SMB “home drive” mounts not being auto-mounted at ldap login, Mounts setup in User-group profiles

automountldaposx-serverserver.appsmb

In Profile Manager to mount the default home drives set for the User in Server.app, you mark a checkbox "Add Network Home," but then. Does anyone know which plist in the system, etc, that is actually referencing? because it does not work for me, and home drives do not auto-mount.

When you click "add network home" it adds text like {{{home drive}}} into the list of mount points (it looks exactly like that, but with less than and greater than signs instead of curved-brackets).

This specific question is regarding a small network where upon login, users get several mount points authenticated, and one not authenticated (they were originally set up using .mobilconfig files generated in profile manager, and previously in Workgroup Manager).

I've limited this question now to focus on the "home drives," because I believe so far, that overlapping device & user-group profiles were causing some of these problems, but I've removed these, and now, the OSX User/Networked home drives still do not auto-mount.
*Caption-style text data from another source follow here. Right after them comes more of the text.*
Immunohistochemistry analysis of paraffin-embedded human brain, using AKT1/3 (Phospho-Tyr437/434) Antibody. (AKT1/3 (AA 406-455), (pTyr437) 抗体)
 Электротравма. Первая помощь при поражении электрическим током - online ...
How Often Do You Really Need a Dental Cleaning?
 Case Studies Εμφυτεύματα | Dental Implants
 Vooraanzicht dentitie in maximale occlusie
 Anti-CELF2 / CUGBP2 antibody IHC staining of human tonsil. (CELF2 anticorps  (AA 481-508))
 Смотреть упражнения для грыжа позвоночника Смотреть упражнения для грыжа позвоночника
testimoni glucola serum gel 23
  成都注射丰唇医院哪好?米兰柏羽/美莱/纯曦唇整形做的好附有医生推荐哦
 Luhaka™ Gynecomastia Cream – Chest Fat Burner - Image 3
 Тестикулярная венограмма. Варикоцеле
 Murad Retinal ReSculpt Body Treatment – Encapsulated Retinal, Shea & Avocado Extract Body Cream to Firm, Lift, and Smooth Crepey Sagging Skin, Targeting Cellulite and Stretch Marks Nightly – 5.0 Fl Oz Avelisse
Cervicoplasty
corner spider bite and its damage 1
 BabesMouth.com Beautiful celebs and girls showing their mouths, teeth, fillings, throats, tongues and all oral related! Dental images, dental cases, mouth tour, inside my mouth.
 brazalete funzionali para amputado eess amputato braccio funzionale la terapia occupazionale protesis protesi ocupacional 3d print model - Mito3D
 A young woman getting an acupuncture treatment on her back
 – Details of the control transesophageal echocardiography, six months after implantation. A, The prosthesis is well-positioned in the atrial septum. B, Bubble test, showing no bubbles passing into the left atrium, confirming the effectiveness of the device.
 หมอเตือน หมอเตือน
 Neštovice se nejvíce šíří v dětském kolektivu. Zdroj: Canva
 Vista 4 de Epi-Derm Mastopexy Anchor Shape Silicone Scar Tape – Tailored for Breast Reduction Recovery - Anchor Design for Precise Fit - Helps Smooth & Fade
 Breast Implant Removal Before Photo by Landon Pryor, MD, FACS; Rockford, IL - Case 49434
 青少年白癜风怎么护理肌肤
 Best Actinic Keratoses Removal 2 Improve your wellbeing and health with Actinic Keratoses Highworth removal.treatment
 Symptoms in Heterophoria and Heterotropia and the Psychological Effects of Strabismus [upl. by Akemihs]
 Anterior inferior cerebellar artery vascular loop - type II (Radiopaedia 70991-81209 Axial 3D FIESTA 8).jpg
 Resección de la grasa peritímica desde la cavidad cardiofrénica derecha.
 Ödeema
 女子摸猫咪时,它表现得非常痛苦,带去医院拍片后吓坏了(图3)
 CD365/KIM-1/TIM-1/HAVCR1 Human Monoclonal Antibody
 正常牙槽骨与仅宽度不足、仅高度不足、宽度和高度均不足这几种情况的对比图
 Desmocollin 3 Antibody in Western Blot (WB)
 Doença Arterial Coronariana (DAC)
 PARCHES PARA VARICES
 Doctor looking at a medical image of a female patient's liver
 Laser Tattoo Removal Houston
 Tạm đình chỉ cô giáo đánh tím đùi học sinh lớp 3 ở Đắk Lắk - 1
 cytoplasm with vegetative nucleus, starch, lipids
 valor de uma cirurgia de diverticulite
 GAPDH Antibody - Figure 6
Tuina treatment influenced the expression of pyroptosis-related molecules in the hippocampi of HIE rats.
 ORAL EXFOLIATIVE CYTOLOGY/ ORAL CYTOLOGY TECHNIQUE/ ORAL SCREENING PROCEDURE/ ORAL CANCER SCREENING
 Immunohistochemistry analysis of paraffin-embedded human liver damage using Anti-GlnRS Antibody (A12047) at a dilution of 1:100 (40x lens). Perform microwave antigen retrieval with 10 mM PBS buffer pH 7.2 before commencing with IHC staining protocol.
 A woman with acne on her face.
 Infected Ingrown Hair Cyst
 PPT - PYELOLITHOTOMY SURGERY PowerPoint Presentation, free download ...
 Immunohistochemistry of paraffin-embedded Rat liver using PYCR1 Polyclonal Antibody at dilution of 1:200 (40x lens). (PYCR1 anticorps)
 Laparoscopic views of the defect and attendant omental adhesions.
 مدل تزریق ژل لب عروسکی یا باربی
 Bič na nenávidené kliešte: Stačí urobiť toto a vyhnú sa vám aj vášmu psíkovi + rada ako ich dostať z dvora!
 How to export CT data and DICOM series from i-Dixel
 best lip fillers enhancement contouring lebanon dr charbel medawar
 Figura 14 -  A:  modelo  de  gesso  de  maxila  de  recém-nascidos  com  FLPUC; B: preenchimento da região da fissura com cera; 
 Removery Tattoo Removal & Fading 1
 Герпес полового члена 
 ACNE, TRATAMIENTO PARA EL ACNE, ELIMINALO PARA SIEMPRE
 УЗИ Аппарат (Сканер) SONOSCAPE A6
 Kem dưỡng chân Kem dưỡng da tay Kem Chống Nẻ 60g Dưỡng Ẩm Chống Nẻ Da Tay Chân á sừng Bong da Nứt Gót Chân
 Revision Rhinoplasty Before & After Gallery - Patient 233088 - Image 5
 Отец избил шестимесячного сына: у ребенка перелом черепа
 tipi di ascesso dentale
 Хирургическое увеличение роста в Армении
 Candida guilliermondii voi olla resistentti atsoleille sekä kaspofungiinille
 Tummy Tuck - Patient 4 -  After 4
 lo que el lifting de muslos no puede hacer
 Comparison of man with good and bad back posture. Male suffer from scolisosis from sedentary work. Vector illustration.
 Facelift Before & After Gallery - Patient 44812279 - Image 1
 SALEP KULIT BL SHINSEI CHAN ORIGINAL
As a nice reference for the 2 steps involved in setting this up, see the question and answer on this Server Fault forums post. I should also add that mounting doesn't seem consitant at all, and sometimes other mount points don't come up, but this seems to related possibly to other factors.

Users login, most of the time they get these SMB shares, which via the config profiles are allowed to show up on the desktop (Finder settings), as well as get auto-mounted in Users & Groups. The problem is that they just don't show up sometimes! The Server logs are fairly clean, dnslookup is fine, the Server names all match the fqdn so the usual LDAP-related issues are in check.

OSX server is running on a Mac Mini running Yosemite with Server v. 5.0.1 (the same problem existed on server 4 as well), with the clients mostly on El Capitain, although I've seen this also in a mixed enviornment. This occurs in only about 20% of User accounts, with no pattern in the directory service information that I can see.

Best Answer

I'm beginning to form my own answers on this, but the full understanding will take a lot of research and log review, so please edit, post other answers, and/or comments here!

In an older guide for OSX Server, I've read these comments, but surely rather than being required to allow guest access to those shares, a local account on the Server can mount them, or maybe that information is from before the authenticated-mounting made its way to OSX:

Be sure to enable guest access both for the share point and for the protocol under which it is shared.

Note: Automounted share points are available to clients only when their computers start up.

One element of this problem can be explained by reading over the Open LDAP documentation, which Apple's Open Directory is based on. I have seen from time to time, at least once of the messages they describe, in the Open Directory logs.

Deep within OSX there may be inconsistencies of BerkleyDB versions, which for the simple-end-user in a perfect world could be resolved between the ideal combination of versions of OSX on the client, OSX (on the server), and Server.app or other changeable componts, also on the server.

from the link:

C.2.9. ldap_sasl_interactive_bind_s: Can't contact LDAP server (-1)

Using SASL, when a client contacts LDAP server, the slapd service dies immediately and client gets an error :

 SASL/GSSAPI authentication started ldap_sasl_interactive_bind_s: Can't contact LDAP server (-1) Then check the slapd service, it stopped.

This may come from incompatible of using different versions of BerkeleyDB for installing of SASL and installing of OpenLDAP. The problem arises in case of using multiple version of BerkeleyDB. Solution: - Check which version of BerkeleyDB when install Cyrus SASL.